The elder is out of line. He is issuing rules when he has no authority to do so and those rules are contrary to the teachings of Christ.

The job of all Christians is to teach the gospel so that the kingdom will spread. "Now when the Gentiles heard this, they were glad and glorified the word of the Lord. And as many as had been appointed to eternal life believed. And the word of the Lord was being spread throughout all the region" (Acts 13:48-49). I can't think of a passage that directs the church to focus on building up its local membership. True, when members are teaching the gospel, the general result is that the local church grows in number, but the focus is not on local numbers.

The disciples once tried to stop a man from working miracles because he wasn't a disciple of Jesus. "Now John answered Him, saying, "Teacher, we saw someone who does not follow us casting out demons in Your name, and we forbade him because he does not follow us." But Jesus said, "Do not forbid him, for no one who works a miracle in My name can soon afterward speak evil of Me. For he who is not against us is on our side"" (Mark 9:38-40). What the disciples forgot is that miracles come from God. If a man was doing miracles, then he had God's approval. Though he might not have been an official follower of Jesus, he was following Christ as the miracles demonstrated.

This also happened to Moses. "And a young man ran and told Moses, and said, "Eldad and Medad are prophesying in the camp." So Joshua the son of Nun, Moses' assistant, one of his choice men, answered and said, "Moses my lord, forbid them!" Then Moses said to him, "Are you zealous for my sake? Oh, that all the LORD'S people were prophets and that the LORD would put His Spirit upon them!"" (Numbers 11:27-29).

The command is to go into all the world and teach (Matthew 28:18-20). The elder cannot issue edicts contrary to the Lord's commands. If you are able to teach people in the city, then teach! The more who are converted to Christ, the better this world will be.

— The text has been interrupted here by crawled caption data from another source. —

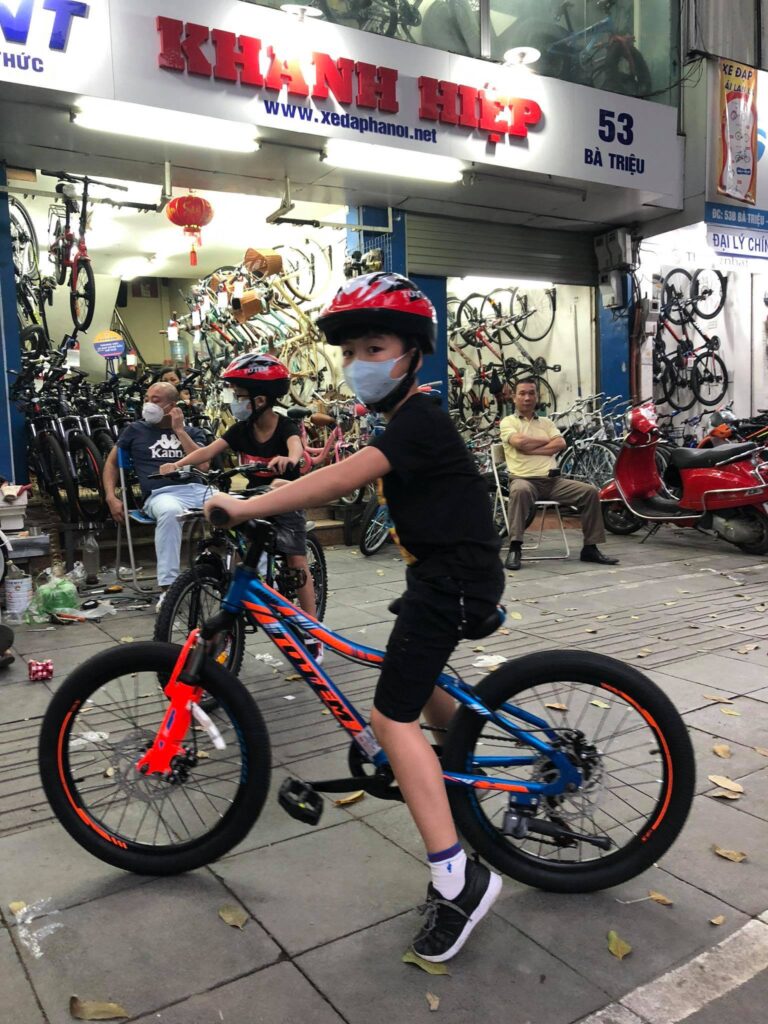 xe đạp cho bé trai cấp 1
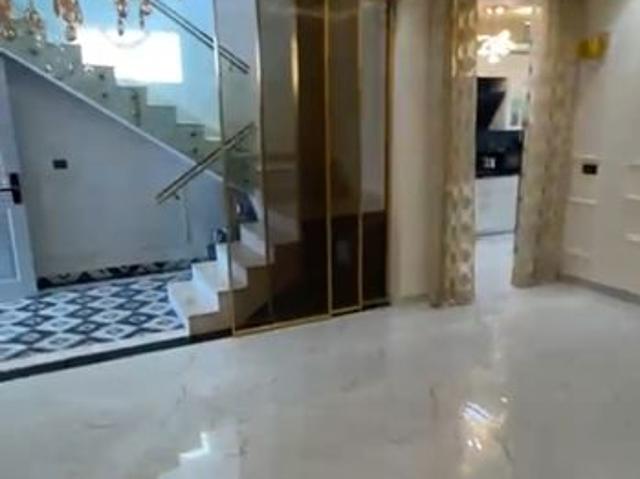 Resale | 3.5 BHK + Servant Room 240 Sq.Yd. Villa in Vatika Crossover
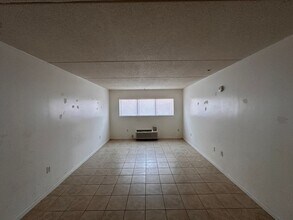 Building Photo - 1 Bedroom Condo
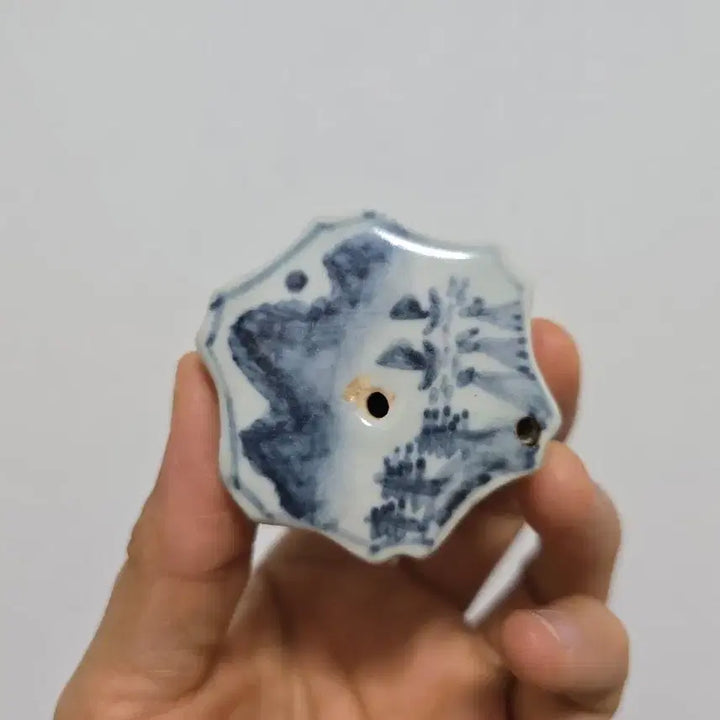 [SOLD OUT] 골동품 청화백자 산수문 연적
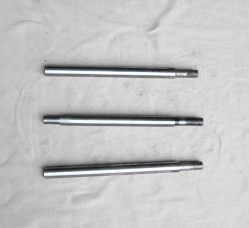 活塞杆、导向杆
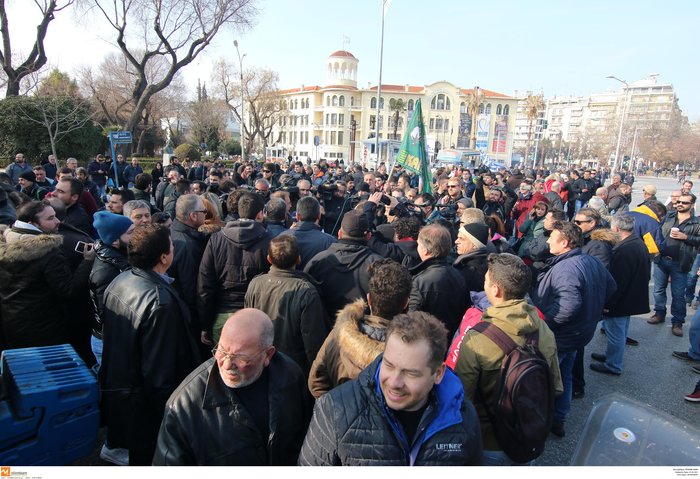 Τα ΜΑΤ απέναντι στους αγρότες στη Θεσσαλονίκη, ένταση & φωνές video - εικόνα 4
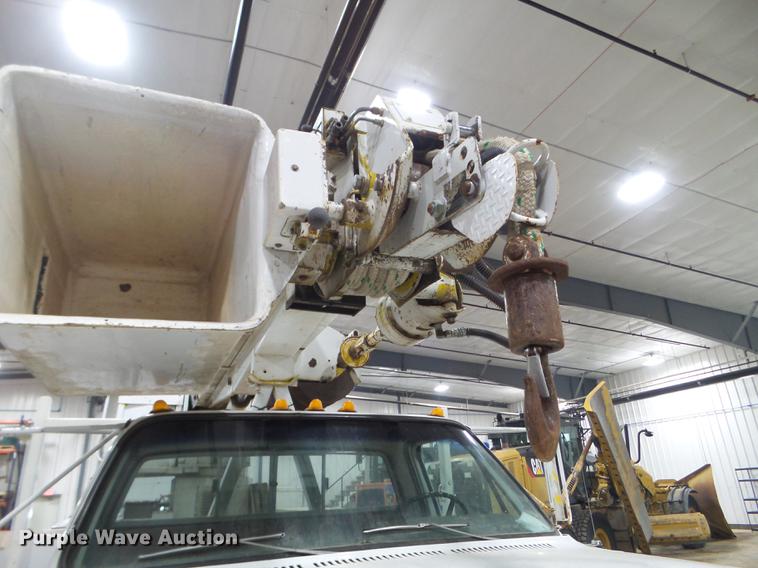 image for item EW9956 1982 Chevrolet C6500 bucket truck
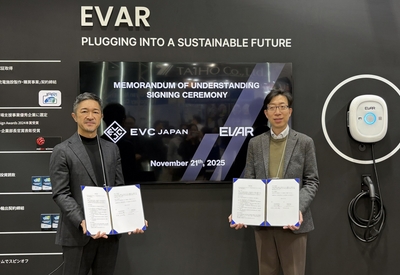 （左）EVC JAPAN株式会社 COO：石井誠 （右）EVAR社 Chief Executive Officer（CEO）：Lee HUN　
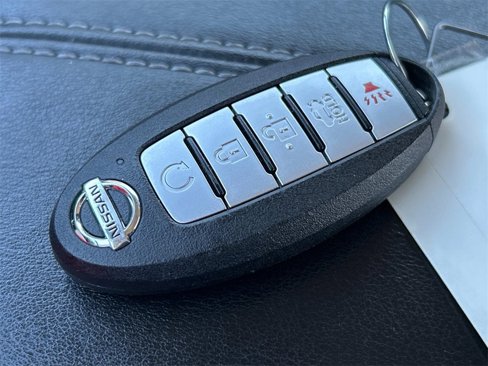Used 2021 Nissan Sentra SV image 34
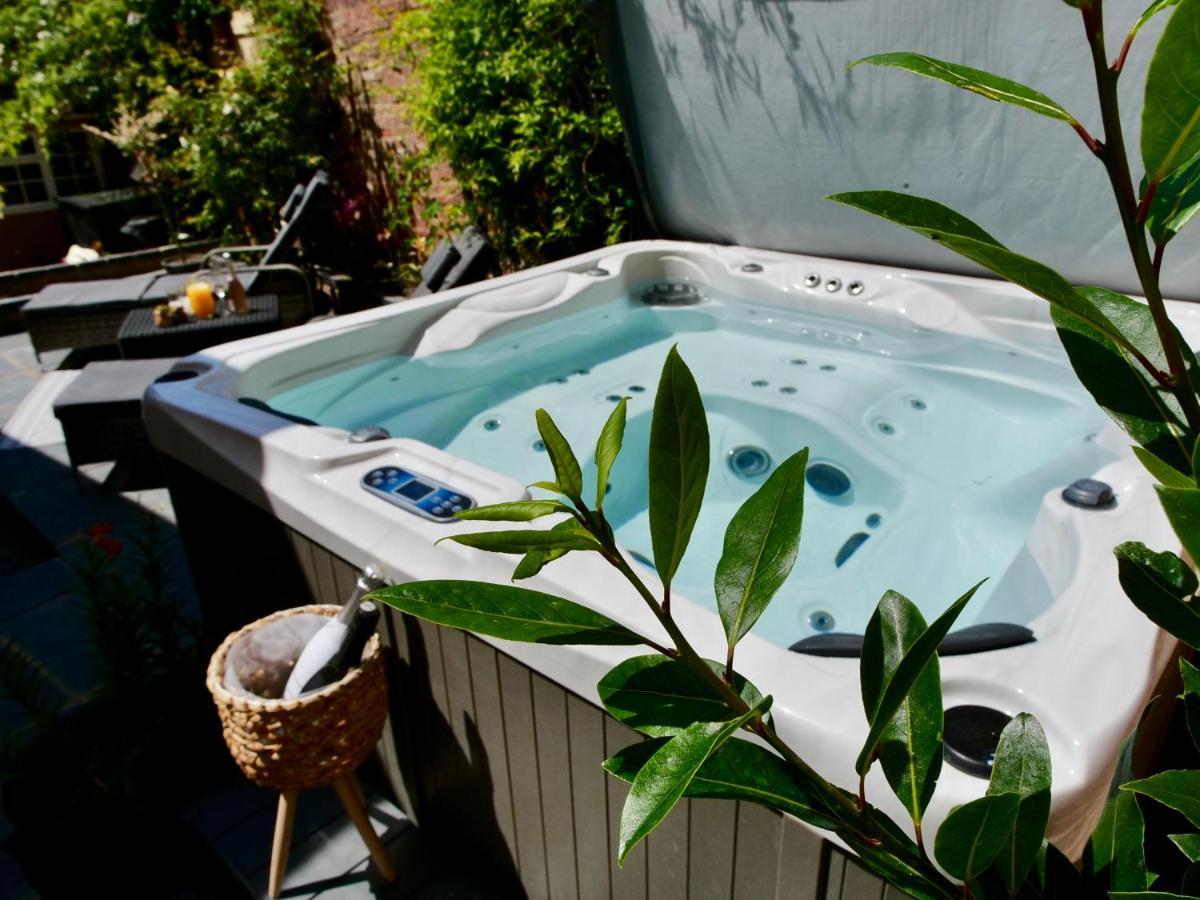 Luxury 9 Bed Manor House Hot Tub Cinema Room Skytv Saffron Walden Bagian luar foto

Thank you, brother Jeffery!

You have given me the same advice other brothers have given, and it really does mean a lot to me. I believe in advancing the Kingdom, and I try to do my part by always being willing and ready. Please pray for me, my elder gets pretty upset about it, and I don't want to leave that congregation, nor do I want to upset him or lie to him. Pray that God will continue to use me, and that I will have peace.